С 1893 по 1903 год Волошин проделал путь от революционного максимализма через среднеазиатское путешествие, позволившее ему выработать идею единства европейской культуры на фоне Степи (как «особого культурного пространства»), к приятию «нового искусства» не просто как сенсационной новинки последних парижских сезонов, а как органической части и логического продолжения великой европейской культуры эпохи Ренессанса и Средних веков.
Как известно, при культурологическом подходе литература представляется как «перестроенная мифология»[464]. Однако «использование мифа, или мифологического метода, без подражания архаическим формам — это использование их отличительно современным способом»[465]. Поэтому русский символизм «в своем новом прочтении русской литературы XIX века открыл в ней мощный мифологический потенциал»[466]. Таков примерно магистральный путь русской литературы конца XIX — начала XX века.
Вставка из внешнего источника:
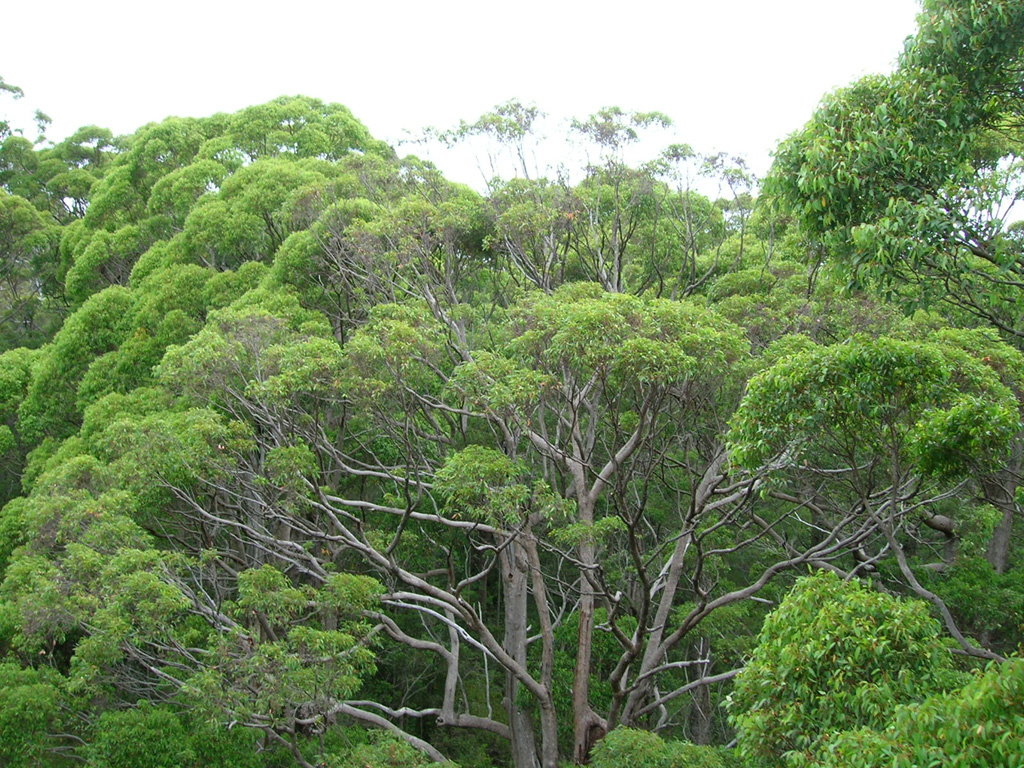 Eukaliptusz fa teteje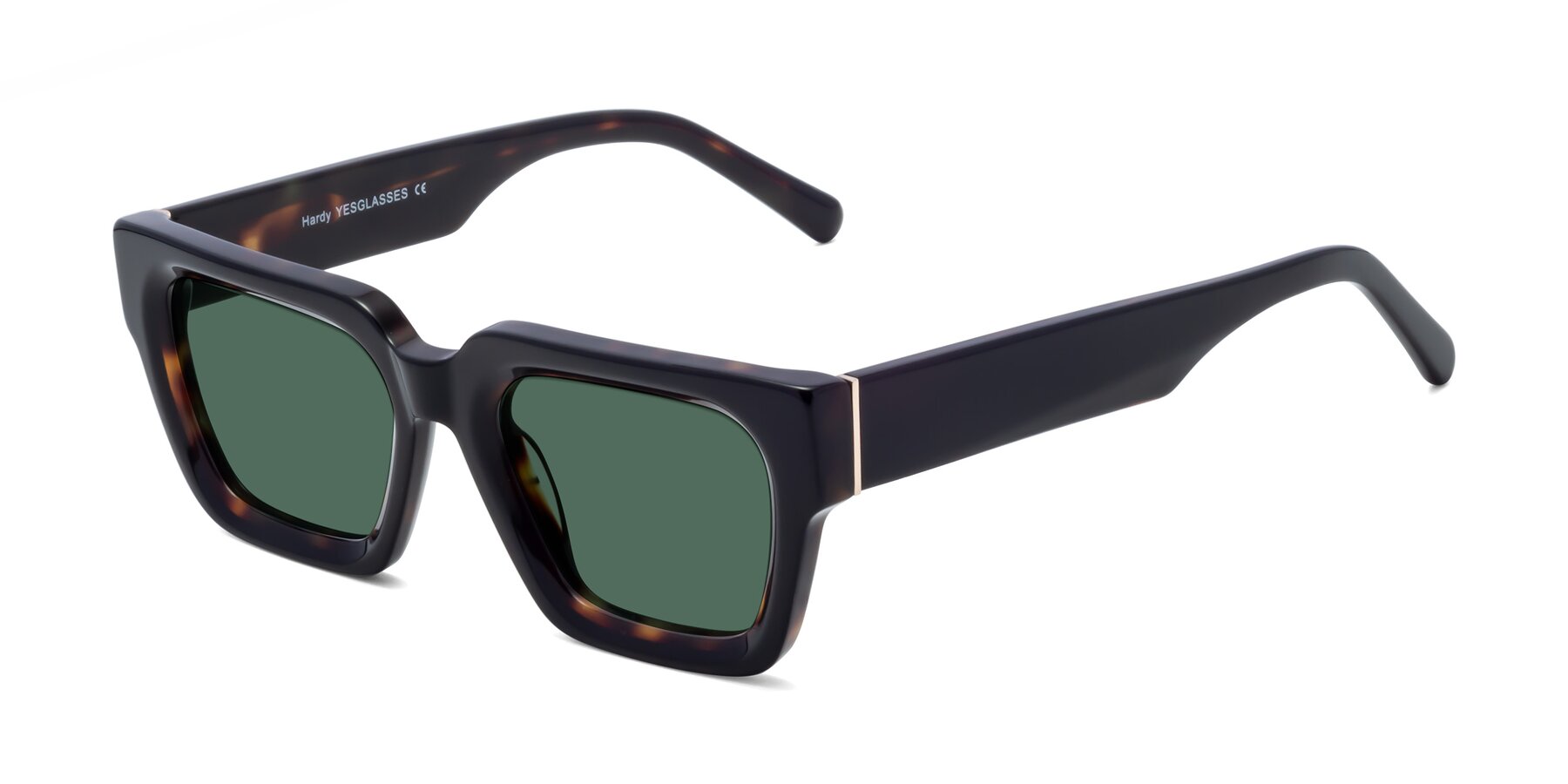 Angle of Hardy in Tortoise with Green Polarized Lenses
Только двадцатилетний Волошин не мог его видеть, а может, и не захотел. И это незнание, как и разочарование в своем творчестве, обрекало его на длинные малопродуктивные хождения по «нехоженым тропам» — подражательности, перепевности, эпигонства. Затянувшийся «кризис» 1897–1901 годов мог быть разрешен только в случае резко меняющихся ситуаций, впечатлений и рецепций. В свою очередь, такая резкая смена не могла не менять импульс творчества. Может быть, интуитивно, но Волошин нашел выход из кризиса на «путях странствий».
Знакомство с европейским искусством и архитектурой, литературой и музыкой на этих путях настолько же увеличивало кругозор молодого человека, насколько одновременно становилось и препятствием к продолжению «кустарной» творческой деятельности.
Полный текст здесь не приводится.